Wednesday, Rathbun released a document which showed operatives for the "church" investigating Leiby's 2005 divorce by sorting through his ex-wife's garbage.
Tonight, we get a document which reports how information about Leiby was gathered by using people he trusted as friends.
A friend asked Leiby how his trip to California was. He said that it was terrible because of the rain. They know each other through Ida, and she knew he had been in California working on an article. The topic initially was Ida and some concern about her health.
It took me a while to register who this "Ida" was that is mentioned in Scientology's document. But then I remembered. And then I really got angry.
For years, when I was doing some of my own investigations of Scientology as a reporter in Los Angeles, I would receive e-mails from a kind woman named Ida Camburn. She had been fighting Scientology since losing her son to the organization in the 1970s.
She lived in Hemet, near Scientology's secretive desert headquarters, and she tirelessly tried to expose Scientology's abuses, earning her the nickname "Queen of Critics" among ex-Scientologists.
When you're in this business, let me just say, you deal with all sorts of people. Some of them are incredibly helpful, others waste your time. Some are a pleasure to deal with, others try your patience. No one, in the 16 years I've been reporting on Scientology, was more pleasant and helpful than Ida Camburn.
Last year, Ida passed away.
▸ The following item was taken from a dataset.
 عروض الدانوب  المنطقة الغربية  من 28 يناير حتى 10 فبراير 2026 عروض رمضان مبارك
If she were still alive, I suppose she would not be surprised to know that Scientology was so concerned about her activities, it cultivated a mole that knew both her and Leiby.
In the document, this "friend" who knew them both reported back to Scientology that Leiby was apparently showing some frustration on the job:
Leiby said that he has been busy working in other priorities. When the friend wished him good luck on his story on Scientology, he went down tone. The friend commented that he did not appear to be enthusiastic about it. Leiby response was, "sometime other things take priority and you get taken off something and don't get excited any longer." Leiby said that it would take some months before he does anything with the Scientology story and he said it as if he had no idea himself of when this would be. He then told the friend that he doesn't have an exact timing or deadline to do it. The friend wished him well and ended the conversation.
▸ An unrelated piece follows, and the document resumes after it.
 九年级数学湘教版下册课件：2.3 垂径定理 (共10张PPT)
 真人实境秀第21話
I talked to Rathbun tonight, and he explained to me how he knew the document had been unaltered since it was smuggled out of Scientology. I asked him why he thought it was a significant item.
"I'm exposing a technique," he said. "I want to show to what lengths these people will go. That they will spend years to get people close enough to you to get the information they want."
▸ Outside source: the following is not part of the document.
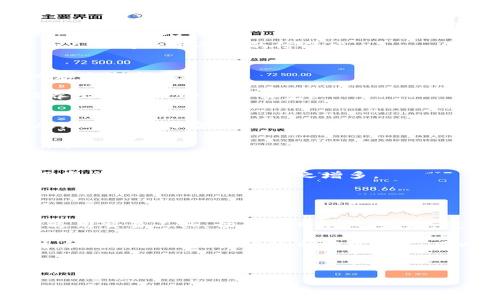 如何通过加密货币套息获取稳定收益？探索2023年最佳策略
An additional item in the document reports that an operative spoke to Chuck Beatty, a well-known ex-Scientologist and critic of the church. Beatty supposedly tells the operative that Leiby is a better reporter than many that call him with dumb questions.
Beatty responded with a comment in Rathbun's blog, asking if he needed to check his records to try to figure out who this spy was. Rathbun tells me that Beatty is now doing just that.